→ PROBLEM DESCRIPTION: Among the entries below, find the line with "Load image into", then quote it and each following line up to and including the line with "鴨, 休日, クリスマス, 面白い, クリスマス, 季節限定, アウトドア", and nothing else.

Dataset items
--------------------------------
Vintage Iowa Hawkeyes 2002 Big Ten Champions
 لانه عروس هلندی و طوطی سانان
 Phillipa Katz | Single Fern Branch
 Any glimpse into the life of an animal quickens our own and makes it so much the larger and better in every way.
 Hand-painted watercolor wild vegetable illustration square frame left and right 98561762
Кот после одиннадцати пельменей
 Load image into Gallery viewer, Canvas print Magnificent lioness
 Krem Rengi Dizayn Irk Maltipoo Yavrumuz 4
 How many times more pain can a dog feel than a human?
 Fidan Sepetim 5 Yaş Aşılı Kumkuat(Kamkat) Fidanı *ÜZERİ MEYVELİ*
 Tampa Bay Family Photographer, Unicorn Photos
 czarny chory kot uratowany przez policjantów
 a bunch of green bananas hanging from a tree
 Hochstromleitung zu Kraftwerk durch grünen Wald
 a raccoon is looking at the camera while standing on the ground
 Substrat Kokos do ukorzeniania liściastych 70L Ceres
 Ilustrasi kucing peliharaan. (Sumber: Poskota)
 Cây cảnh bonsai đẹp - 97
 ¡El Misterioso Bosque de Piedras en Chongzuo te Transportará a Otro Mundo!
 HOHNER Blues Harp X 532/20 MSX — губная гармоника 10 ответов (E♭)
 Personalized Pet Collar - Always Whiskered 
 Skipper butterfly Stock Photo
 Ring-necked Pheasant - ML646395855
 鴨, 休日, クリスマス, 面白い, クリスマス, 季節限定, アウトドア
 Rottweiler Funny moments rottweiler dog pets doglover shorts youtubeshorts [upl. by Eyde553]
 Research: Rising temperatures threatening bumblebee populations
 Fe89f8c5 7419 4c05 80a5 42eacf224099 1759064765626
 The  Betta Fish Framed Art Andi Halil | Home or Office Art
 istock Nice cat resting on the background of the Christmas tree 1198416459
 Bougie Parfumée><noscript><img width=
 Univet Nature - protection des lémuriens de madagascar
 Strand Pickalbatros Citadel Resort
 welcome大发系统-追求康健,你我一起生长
--------------------------------
→ SOLUTION TO THIS EXERCISE:
 Load image into Gallery viewer, Canvas print Magnificent lioness
 Krem Rengi Dizayn Irk Maltipoo Yavrumuz 4
 How many times more pain can a dog feel than a human?
 Fidan Sepetim 5 Yaş Aşılı Kumkuat(Kamkat) Fidanı *ÜZERİ MEYVELİ*
 Tampa Bay Family Photographer, Unicorn Photos
 czarny chory kot uratowany przez policjantów
 a bunch of green bananas hanging from a tree
 Hochstromleitung zu Kraftwerk durch grünen Wald
 a raccoon is looking at the camera while standing on the ground
 Substrat Kokos do ukorzeniania liściastych 70L Ceres
 Ilustrasi kucing peliharaan. (Sumber: Poskota)
 Cây cảnh bonsai đẹp - 97
 ¡El Misterioso Bosque de Piedras en Chongzuo te Transportará a Otro Mundo!
 HOHNER Blues Harp X 532/20 MSX — губная гармоника 10 ответов (E♭)
 Personalized Pet Collar - Always Whiskered 
 Skipper butterfly Stock Photo
 Ring-necked Pheasant - ML646395855
 鴨, 休日, クリスマス, 面白い, クリスマス, 季節限定, アウトドア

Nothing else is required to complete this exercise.